ASSIGNMENT> Make an exact copy of the records, and keep the pictures out of it.

== Segment start ==

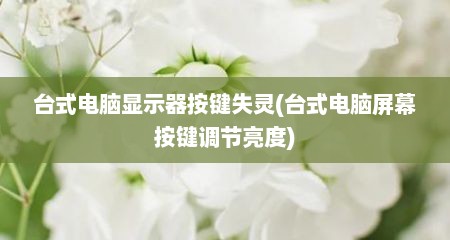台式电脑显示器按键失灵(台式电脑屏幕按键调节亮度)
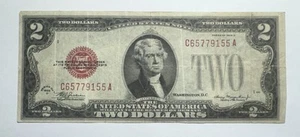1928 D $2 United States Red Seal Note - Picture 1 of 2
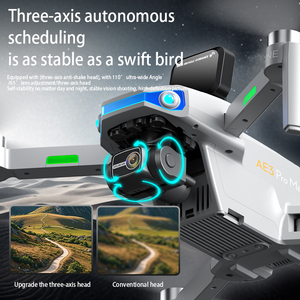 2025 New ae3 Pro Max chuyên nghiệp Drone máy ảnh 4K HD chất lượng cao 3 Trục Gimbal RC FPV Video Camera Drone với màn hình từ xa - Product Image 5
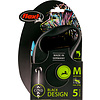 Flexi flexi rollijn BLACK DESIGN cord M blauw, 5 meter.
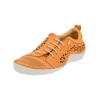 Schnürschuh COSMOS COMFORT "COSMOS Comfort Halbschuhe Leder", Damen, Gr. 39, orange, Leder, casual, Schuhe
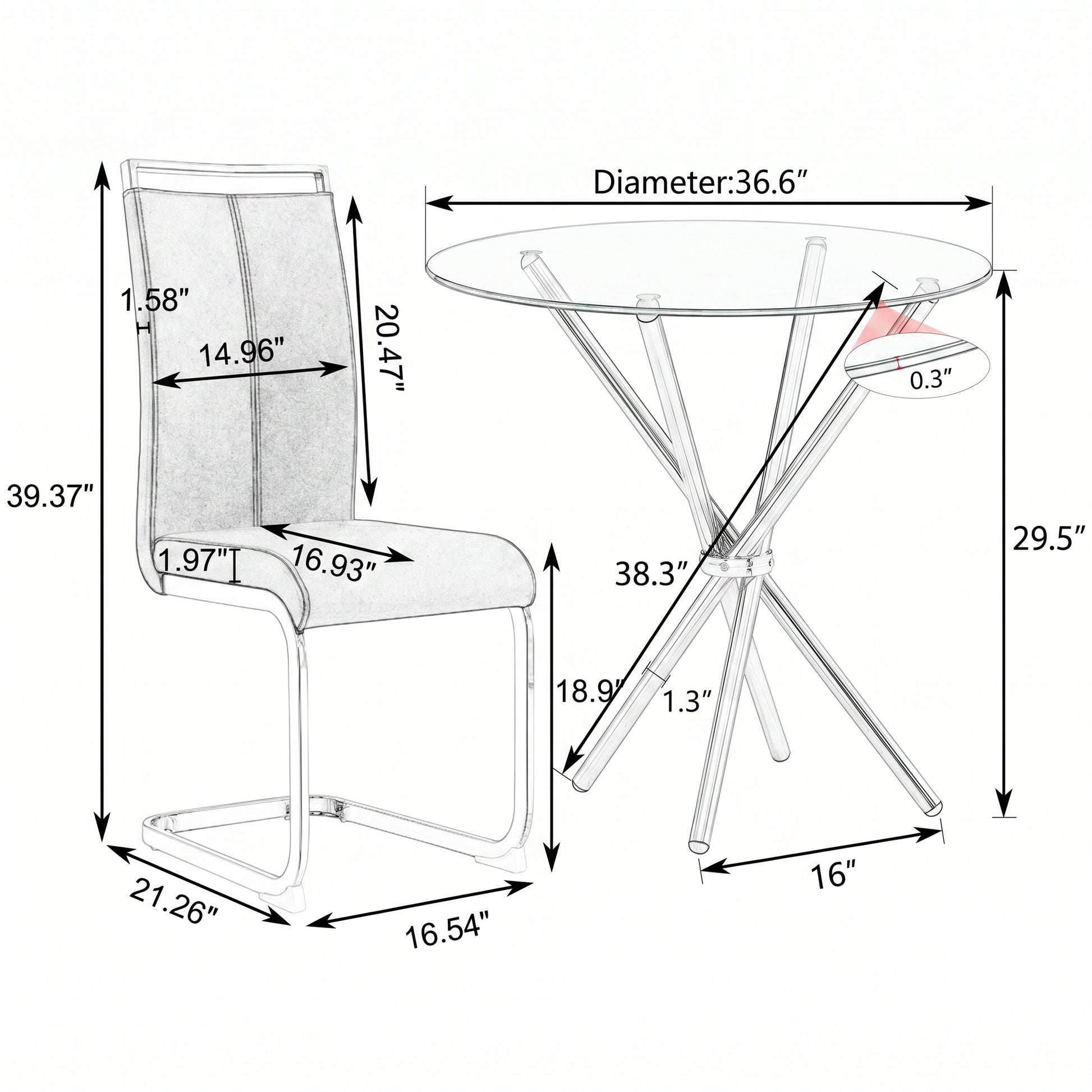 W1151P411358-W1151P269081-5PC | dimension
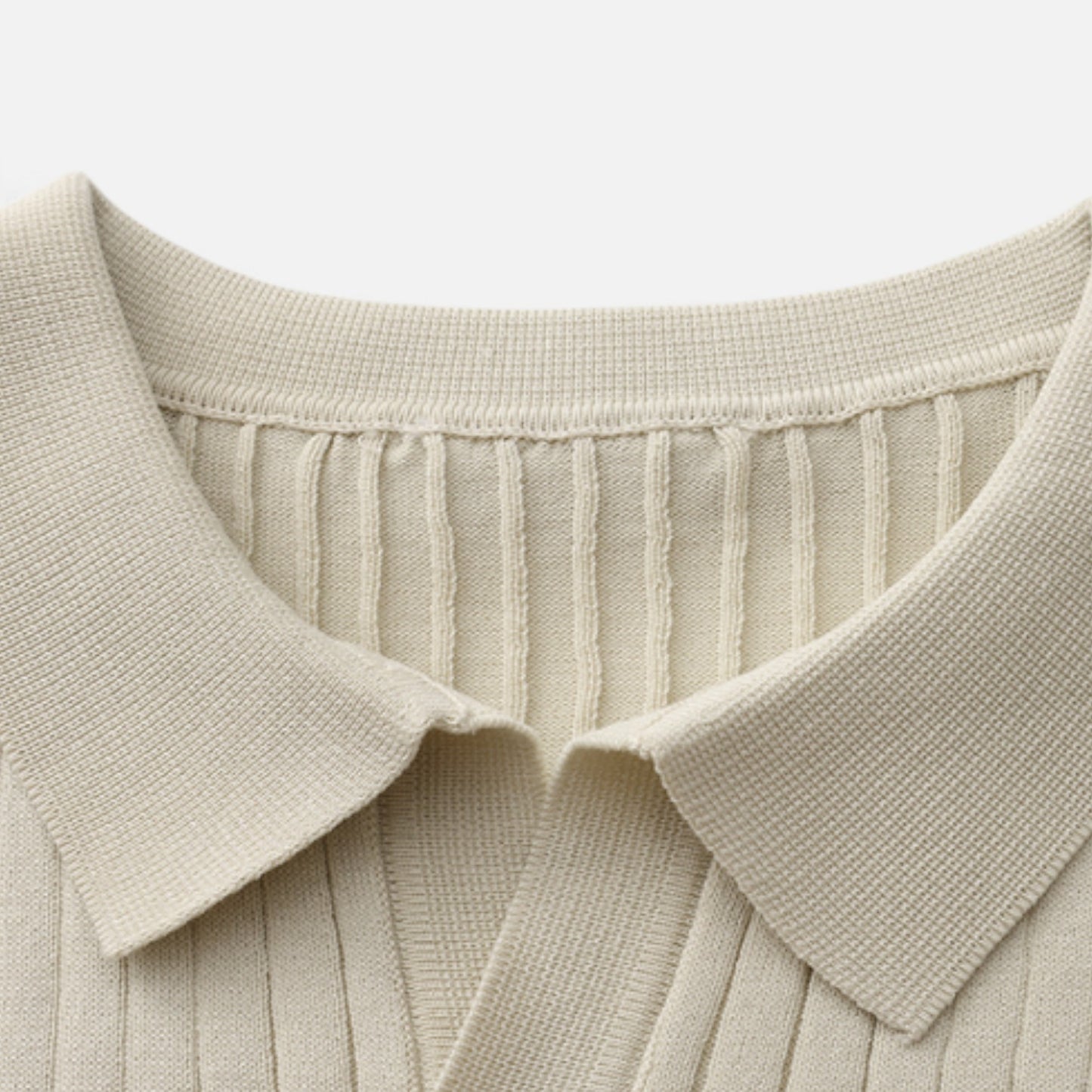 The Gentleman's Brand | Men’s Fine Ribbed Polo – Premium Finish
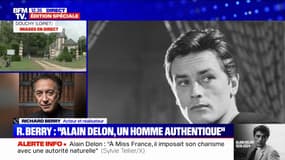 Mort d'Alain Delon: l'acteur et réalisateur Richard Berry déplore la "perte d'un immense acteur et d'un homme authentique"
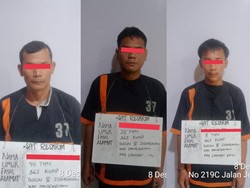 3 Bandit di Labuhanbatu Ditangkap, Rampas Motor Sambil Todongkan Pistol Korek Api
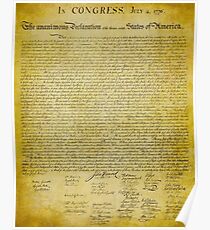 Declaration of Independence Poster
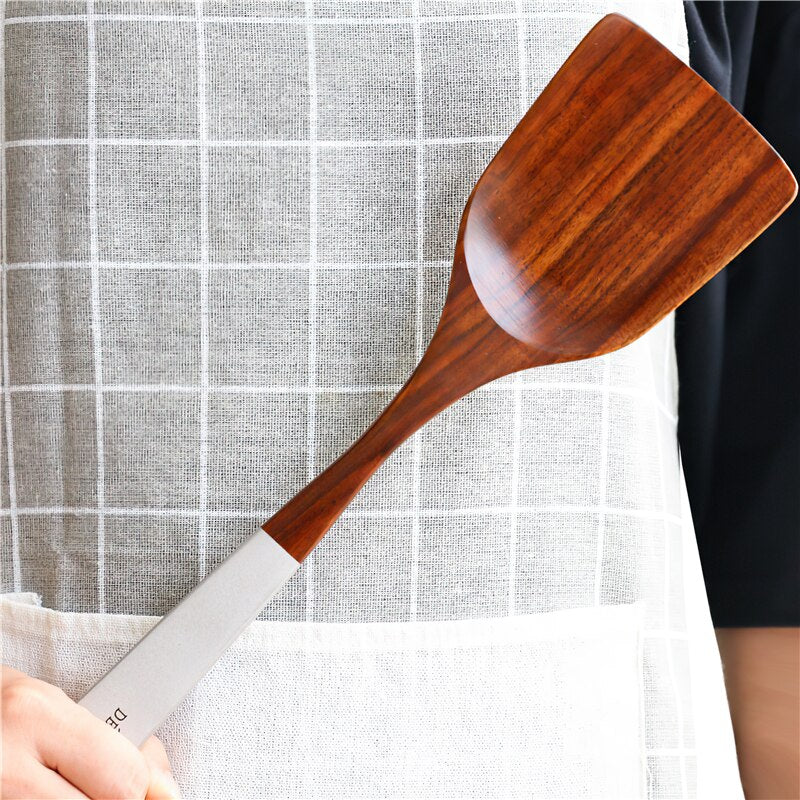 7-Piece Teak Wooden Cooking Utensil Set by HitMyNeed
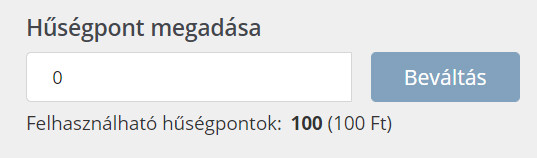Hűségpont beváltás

== Segment end ==

OUTPUT FOR THIS TASK>
台式电脑显示器按键失灵(台式电脑屏幕按键调节亮度)
1928 D $2 United States Red Seal Note - Picture 1 of 2
 2025 New ae3 Pro Max chuyên nghiệp Drone máy ảnh 4K HD chất lượng cao 3 Trục Gimbal RC FPV Video Camera Drone với màn hình từ xa - Product Image 5
 Flexi flexi rollijn BLACK DESIGN cord M blauw, 5 meter.
 Schnürschuh COSMOS COMFORT "COSMOS Comfort Halbschuhe Leder", Damen, Gr. 39, orange, Leder, casual, Schuhe
 W1151P411358-W1151P269081-5PC | dimension
 The Gentleman's Brand | Men’s Fine Ribbed Polo – Premium Finish
 Mort d'Alain Delon: l'acteur et réalisateur Richard Berry déplore la "perte d'un immense acteur et d'un homme authentique"
 3 Bandit di Labuhanbatu Ditangkap, Rampas Motor Sambil Todongkan Pistol Korek Api
 Declaration of Independence Poster
 7-Piece Teak Wooden Cooking Utensil Set by HitMyNeed
Hűségpont beváltás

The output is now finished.